On Wed, Jul 30, 2014 at 4:58 AM, reox <[email protected]> wrote:
> ...
>
> I do not understand what is the problem here? Does anyone have more
> information?
Taking from the 4th paragraph under "How It Works":

<quote>
The Android package installer makes no attempt to verify the
authenticity of a certificate chain; in other words, an identity can
claim to be issued by another identity, and the Android cryptographic
code will not verify the claim
</quote>

*If* I am reading the 4th paragraph correctly, it appears (and using
Adobe as an example):

The app is using a certificate that is *not* self-signed. The app's
certificate has an Issuer Distinguished Name of Adobe.

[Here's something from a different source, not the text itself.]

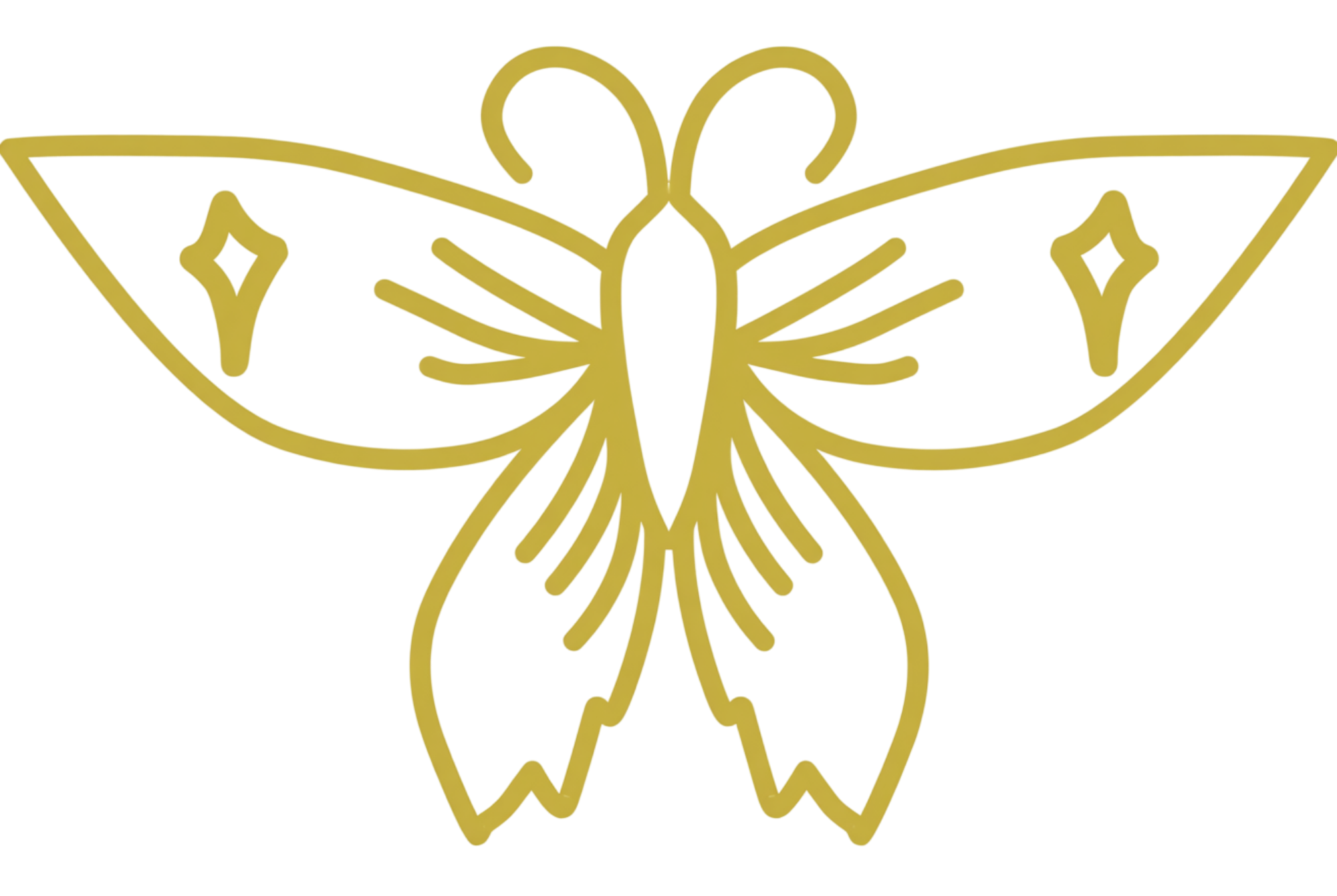 Gold outline of a butterfly.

However, the
system does not verify Adobe actually issued the app's certificate The
verification system is just performing a string comparison of the
distinguished names.

Actually, that is the case. From the 6th paragraph:

<quote>
... instead defaulting to simple subjectDN to issuerDN string matching
</quote>

To summarize, signature verification on the chain is not being
performed. Rather, a simpler [insecure] algorithm is used that
consists of Distinguished Name matching.

I attached an image that shows the relationship between Issuers and
Subjects. It was ripped from Peter Gutmann's Engineering Security book
(https://www.cs.auckland.ac.nz/~pgut001/pubs/book.pdf). It should help
you visualize what's going on.

That's another good find by Forristal.